Americas Market Update 15 Oct 2025
Fuel prices have moved in mixed directions, while weather conditions have improved in New York.
IMAGE: Container vessels docked in the Port of Balboa. Getty Images
Changes on the day to 08.00 CDT (13.00 GMT) today:
- VLSFO prices up in Los Angeles ($9/mt), Balboa ($8/mt), unchanged in Houston, and down in Zona Comun ($3/mt)
- LSMGO prices up in Zona Comun ($28/mt), Balboa ($18/mt) and New York ($10/mt), and down in Houston ($2/mt)
- HSFO prices up in Balboa ($10/mt), New York ($6/mt) and Houston ($3/mt)
Balboa’s HSFO price has recorded the highest gain of $10/mt within the grade, while the port's VLSFO price increased by $8/mt, narrowing the Hi5 spread to a slim $5/mt.
"Availability-wise, port conditions are okay, but demand has been quiet so far," a bunker trader said.
According to bunker sales data for September, VLSFO continues to comprise 65% of total sales in Panama, with HSFO following next, making up 23% of sales.
Meanwhile, Houston’s LSMGO price has declined after a lower-priced 50–150 mt stem, booked today at the port at $644/mt, put downward pressure on the benchmark.
The port’s VLSFO price remains unchanged, after a 150–500 mt stem has been booked at $449/mt, keeping the benchmark fairly stable.
Houston currently reports good availability across all grades, with suppliers recommending lead times of 3–5 days for VLSFO and LSMGO.
New York, which has been facing high wind gusts and elevated sea conditions, is noting some improvements, making way for better bunkering conditions at the anchorage, a source said.
Brent
The front-month ICE Brent contract has gained $0.88/bbl on the day, trading at $62.86/bbl at 08.00 CDT (13.00 GMT) today.
Upward pressure:
Brent crude’s price has rebounded amid signs of easing trade tensions between the world's two largest oil consumers – the US and China.
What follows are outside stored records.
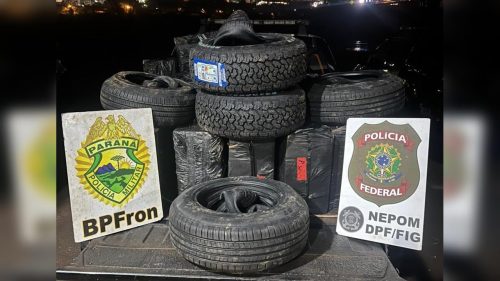 Operação conjunta apreende carga de contrabando de cigarros e pneus em Foz do Iguaçu Imagem referente a Operação conjunta apreende carga de contrabando de cigarros e pneus em Foz do Iguaçu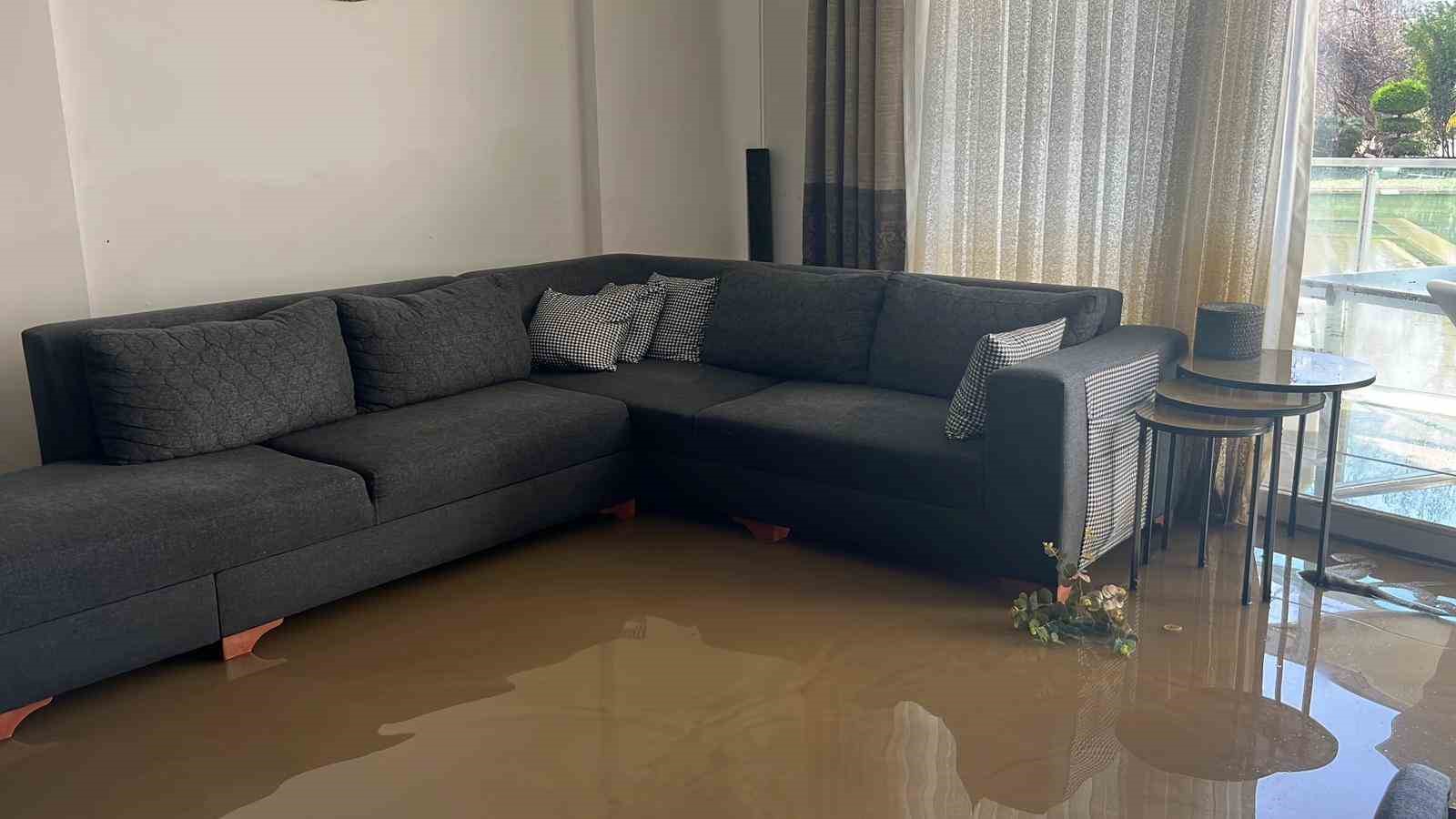 Alanya’da debi yükseldi, çay kenarındaki işletmeler sele kapıldı
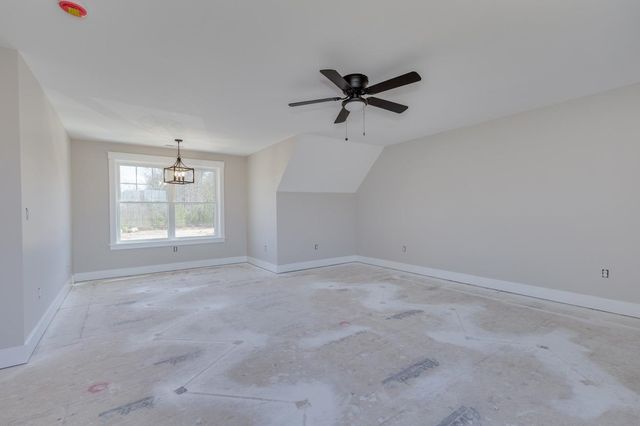 4 Haystack Circle, Pelham, NH 03076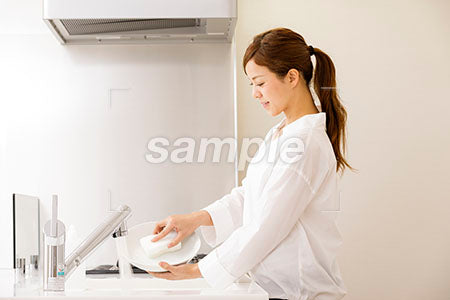 皿を洗う女性 皿を洗う横顔 a0030272PH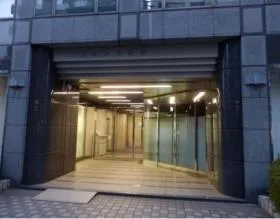 SRビル新横浜(旧:コムシス新横浜)の外観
US President Donald Trump is set to meet his Chinese counterpart, Xi Jinping, in South Korea later this month, Reuters reported, citing US Treasury Secretary Scott Bessent.
Both countries are expected to work towards easing tensions following recent tariff threats and export controls, the report added.
“Trump struck a conciliatory tone towards China on Sunday, after threatening to apply an additional 100% of tariffs,” ANZ Bank’s senior commodity strategist Daniel Hynes said.
Downward pressure:
Brent has remained under pressure after the International Energy Agency (IEA) cut its global oil demand growth forecast again.
The Paris-based agency now expects oil demand to increase by 700,000 b/d in 2025 and 2026, about 40,000 b/d lower than its previous estimate – and well below projected oil production levels, the IEA said.
“Sentiment wasn’t helped by warnings of a record surplus in the oil market,” Hynes said.
Additionally, global oil supply rose in September to a record 108 million b/d, up by a massive 5.6 million b/d compared with the same period last year, the IEA noted.
The agency projects global oil supply to grow by 3 million b/d to average 106.1 million b/d in 2025 and rise by another 2.4 million b/d in 2026.
“The projected surplus is up roughly 18% from last month’s estimate, as the OPEC+ alliance continues to revive output,” he added.